Il veut aussi que l’administration municipale partage des suivis fréquents concernant la progression des coûts et les échéanciers des chantiers routiers, immobiliers et autres grands travaux sous sa responsabilité.

La Ville de Québec rend déjà publiques plusieurs informations de nature financière, sur les contrats qu’elle accorde et les travaux.

Comme à New York

M. Marchand estime de son côté que ces données pourraient être communiquées de manière plus proactive et avec plus de clarté pour donner de la «prévisibilité» aux citoyens «et qu’ils soient capables eux-mêmes de questionner, d’enquêter, de soulever des interrogations et que nous on doive y répondre.»

«Cette information-là doit être mise en continu et régulièrement, pas juste trimestriellement ou annuellement», a-t-il affirmé.

L’ancien président de Centraide Québec a donné en exemple un portail de la ville de New York où des graphiques et des tableaux informent les citoyens de la métropole sur les types de dépenses municipales qui connaissent la plus grande croissance, les dépenses par service et les contrats importants octroyés.

Il aimerait «qu’on puisse dire un jour et rapidement, dans les prochaines années, que Québec sera parmi les villes les plus transparentes en Amérique du Nord et pourquoi pas dans le monde», en partant du principe que «nos données sont vos données».

«Ce n’est pas juste de dire : oui, l’information existe sur notre site web, allez-y. Ce n’est pas suffisant. Même si c’est vrai, pour nous ce n’est pas suffisant, ce n’est pas la ville dont on rêve», a-t-il ajouté.

Modalités à préciser

Selon lui, les «modalités» de cet engagement sont encore à préciser. Il a évoqué la création d’un site web, ou encore d’une application mobile qui permettrait à l’aide de la géolocalisation de se renseigner sur les entraves à la circulation dans son quartier.

Sur le terrain, M. Marchand a aussi suggéré que des affiches aux abords des chantiers puissent informer à l’avance les résidents de la tenue des travaux et sur leur durée, leur coût et le résultat attendu.

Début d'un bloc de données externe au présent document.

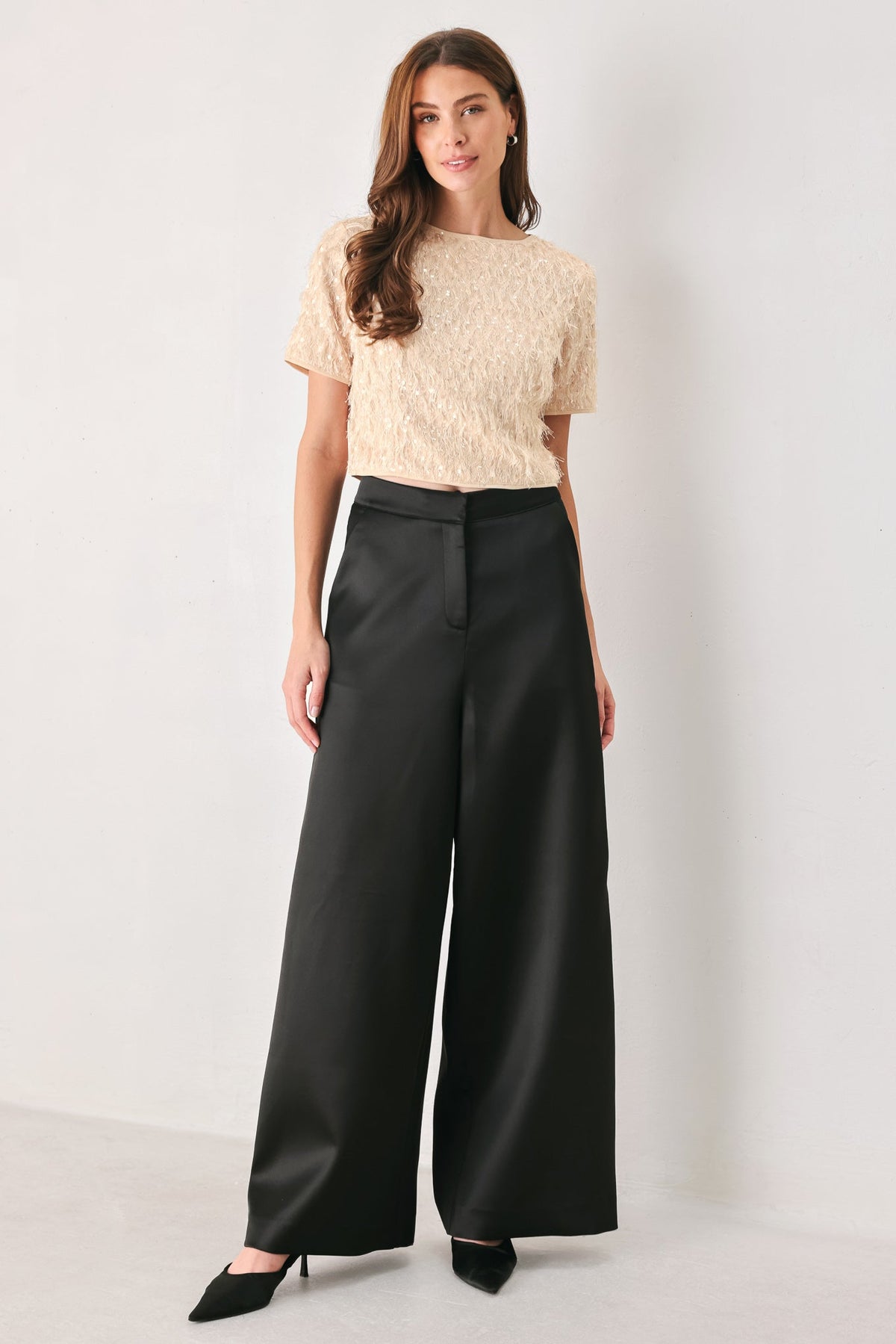 Flying Tomato Champagne Whisper Sequin Eyelash Mesh Cropped Top in CHAMPAGNE view 3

Selon lui, «il n’y a pas beaucoup d’élus qui proposent ça parce qu’ils se disent qu’après ça, ça va compliquer ma vie une fois élu (sic). Nous autres, c’est un engagement qui est ferme et auquel on ne dérogera pas.»

Troisième lien

En marge de ce point de presse, Bruno Marchand a été invité à réagir à un sondage commandé par la Coalition avenir Québec qui révèle que 60 % des répondants dans la région sont favorables au projet de tunnel Québec-Lévis.

En raison de «zones d’ombre» qui persistent et de préoccupations en lien notamment avec la sortie dans le quartier Saint-Roch, «je ne vois pas comment un maire ou une mairesse de Québec [pourrait] présentement dire non tous azimuts, ou oui tous azimuts [à ce projet]», a-t-il déclaré.